Space/Craft

Stephen Bottomley's 2019 solo exhibition, Space/Craft was a reflective look at his work that captured material fragments and visual elements as a timeline or trail.

Stephen Bottomley's Space/Craft Exhibition

Researchers

Stephen Bottomley

Research background

Stephen Bottomley is the founder of Craft Cultures cluster and its co-chair.

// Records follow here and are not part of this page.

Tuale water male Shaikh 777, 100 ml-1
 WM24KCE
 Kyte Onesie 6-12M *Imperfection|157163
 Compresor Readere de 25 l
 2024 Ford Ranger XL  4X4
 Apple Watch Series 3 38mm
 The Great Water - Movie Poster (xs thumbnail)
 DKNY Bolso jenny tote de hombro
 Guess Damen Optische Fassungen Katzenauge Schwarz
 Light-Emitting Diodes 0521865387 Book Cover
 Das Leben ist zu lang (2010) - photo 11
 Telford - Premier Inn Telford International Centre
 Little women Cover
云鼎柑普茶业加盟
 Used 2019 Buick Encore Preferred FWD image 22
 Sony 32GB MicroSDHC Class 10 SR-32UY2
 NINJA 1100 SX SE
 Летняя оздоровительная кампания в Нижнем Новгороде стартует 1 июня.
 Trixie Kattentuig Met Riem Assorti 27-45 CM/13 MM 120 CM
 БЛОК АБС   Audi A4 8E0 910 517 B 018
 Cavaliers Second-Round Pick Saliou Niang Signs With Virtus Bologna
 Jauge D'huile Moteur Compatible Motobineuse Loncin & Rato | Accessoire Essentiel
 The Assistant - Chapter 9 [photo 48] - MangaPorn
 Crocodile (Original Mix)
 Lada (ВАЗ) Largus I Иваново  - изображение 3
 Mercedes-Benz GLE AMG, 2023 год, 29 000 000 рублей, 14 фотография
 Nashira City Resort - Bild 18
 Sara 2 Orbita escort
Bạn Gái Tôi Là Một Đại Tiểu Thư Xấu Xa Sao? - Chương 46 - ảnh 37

Born in 1967, two years before the Apollo 11 moon landing, Bottomley continues to be influenced by the space age as reflected and filtered through in literature, art, film and TV. Ancient and Classical jewellery, Egyptian Art and the Renaissance have also been significant, alongside pulp and science fiction, and Japanese and Scandinavian design influences. 

Research aims 

The show aimed to capture material fragments and visual elements as a timeline or trail. This focused on a slow, developmental process of material-based and practice-led enquiry that has taken place over the recent years and across several locations with both old and new technologies and materials.  The journeys between his studio in Edinburgh, research time as a visiting artist in Bristol and his academic work in Sheffield, Edinburgh and now Birmingham have all helped shape the praxis that the exhibition unpacked and examined.

Research methods

Inspired by how ancient techniques can be applied creatively and harmoniously with evolving contemporary materials and technology, Bottomley is known for his hand-made precious metal vitreous enamel jewellery that often combines industrial materials through a range of batch production techniques. His work layers embossed repetitive patterns and textures on gentle rhythmic and geometric forms. Striking colours are applied to highlight an underlying modernist aesthetic style.  The exhibition showcased together for the first time a new collection of Egyptian faience, an auto-enamelling, low-fire mixture of ceramic materials containing clay, sand, colorants, frits, and soluble salt traces that he has been investigating of since the 2016.

Outcomes 

The exhibition was critically reviewed by researcher Nantia Koulidou Space/Craft: An eye into Stephen Bottomley’s praxis.